If there is a system crash, the database can recover committed transactions from the WAL. The recovery starts from the last REDO point or checkpoint. A checkpoint is a point in the transaction log at which all data files have been updated to match the information in the log. The process of saving the WAL records from the log file to the actual data files is called check-pointing.

Let’s consider a case where the database crashes after two transactions that perform one insert each and WAL is used for recovery.

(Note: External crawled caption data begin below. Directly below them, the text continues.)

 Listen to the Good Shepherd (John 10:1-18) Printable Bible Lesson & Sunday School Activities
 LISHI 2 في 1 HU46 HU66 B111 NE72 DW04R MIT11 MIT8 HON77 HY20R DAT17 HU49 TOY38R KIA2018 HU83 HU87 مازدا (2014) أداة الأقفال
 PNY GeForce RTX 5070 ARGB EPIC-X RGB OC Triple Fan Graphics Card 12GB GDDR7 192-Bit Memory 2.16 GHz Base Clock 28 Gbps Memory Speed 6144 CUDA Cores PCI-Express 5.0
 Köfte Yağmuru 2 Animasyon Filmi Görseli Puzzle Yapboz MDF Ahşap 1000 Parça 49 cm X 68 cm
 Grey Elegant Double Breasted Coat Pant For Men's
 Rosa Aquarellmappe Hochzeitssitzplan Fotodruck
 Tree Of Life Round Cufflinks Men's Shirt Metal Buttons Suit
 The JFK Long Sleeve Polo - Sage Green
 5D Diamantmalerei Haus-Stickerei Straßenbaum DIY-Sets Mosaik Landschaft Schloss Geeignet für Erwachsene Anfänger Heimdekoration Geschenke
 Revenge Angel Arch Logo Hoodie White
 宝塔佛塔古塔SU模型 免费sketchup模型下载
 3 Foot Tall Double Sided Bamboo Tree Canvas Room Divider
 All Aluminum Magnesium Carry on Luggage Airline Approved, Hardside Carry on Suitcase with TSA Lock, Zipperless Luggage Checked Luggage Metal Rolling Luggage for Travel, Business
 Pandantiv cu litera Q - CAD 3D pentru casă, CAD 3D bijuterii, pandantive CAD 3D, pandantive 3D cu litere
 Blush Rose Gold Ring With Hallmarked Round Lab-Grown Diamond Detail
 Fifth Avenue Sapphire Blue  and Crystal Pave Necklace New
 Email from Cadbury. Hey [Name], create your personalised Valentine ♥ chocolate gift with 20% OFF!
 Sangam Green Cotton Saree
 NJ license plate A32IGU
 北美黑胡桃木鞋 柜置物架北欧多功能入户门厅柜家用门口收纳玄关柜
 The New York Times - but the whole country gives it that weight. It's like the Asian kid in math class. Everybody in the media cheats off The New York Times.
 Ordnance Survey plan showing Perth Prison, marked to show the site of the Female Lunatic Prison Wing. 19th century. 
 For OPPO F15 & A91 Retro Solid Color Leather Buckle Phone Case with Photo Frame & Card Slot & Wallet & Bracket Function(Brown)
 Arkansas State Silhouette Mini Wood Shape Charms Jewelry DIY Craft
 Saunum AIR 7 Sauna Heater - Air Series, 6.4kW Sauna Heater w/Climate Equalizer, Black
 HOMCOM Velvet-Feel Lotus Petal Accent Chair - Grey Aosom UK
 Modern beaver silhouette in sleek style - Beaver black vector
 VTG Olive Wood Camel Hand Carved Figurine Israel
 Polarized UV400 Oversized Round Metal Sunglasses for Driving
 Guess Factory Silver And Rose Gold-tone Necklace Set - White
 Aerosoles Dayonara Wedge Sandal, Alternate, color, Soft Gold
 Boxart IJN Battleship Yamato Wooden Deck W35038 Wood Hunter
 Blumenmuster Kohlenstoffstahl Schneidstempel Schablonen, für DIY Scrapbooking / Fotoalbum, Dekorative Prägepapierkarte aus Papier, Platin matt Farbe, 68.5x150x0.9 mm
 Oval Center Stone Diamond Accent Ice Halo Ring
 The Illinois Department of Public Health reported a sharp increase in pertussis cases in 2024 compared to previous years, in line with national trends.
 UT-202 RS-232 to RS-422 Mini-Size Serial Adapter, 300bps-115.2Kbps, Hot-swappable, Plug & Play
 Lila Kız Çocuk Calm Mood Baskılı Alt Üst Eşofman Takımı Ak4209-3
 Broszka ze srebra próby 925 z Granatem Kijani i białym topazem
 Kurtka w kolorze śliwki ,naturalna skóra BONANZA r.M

Assume a checkpoint has been issued, which stores the location of the latest REDO point in the current WAL segment. This also flushes all dirty pages in the shared buffer pool to the disk. This action guarantees that WAL records before the REDO point are no longer needed for recovery, since all data has been flushed to the disk pages.
The first INSERT statement is issued. The table’s page is loaded from disk to the buffer pool.
A tuple is inserted into the loaded page.
The WAL record of this insert is saved into the WAL buffer at location LSN_1.
The page’s LSN is updated from LSN_0 to LSN_1, which identifies the WAL record for the last change to this page.
The first COMMIT statement is issued.
The WAL record of this commit action is written into the WAL buffer, and then all WAL records in the WAL buffer up to this page’s LSN are flushed to the WAL segment file.
For the second INSERT and commit, steps 2 to 7 are repeated.

WAL in PostgreSQL

If there is an operating system crash, all the data on the shared buffer pool will be lost. However all modifications to the page have been written into the WAL segment files as history data. The following steps show how our database cluster can be restored back to the state immediately before the crash using WAL records. Nothing special needs to be done—PostgreSQL will automatically enter into recovery mode after restarting.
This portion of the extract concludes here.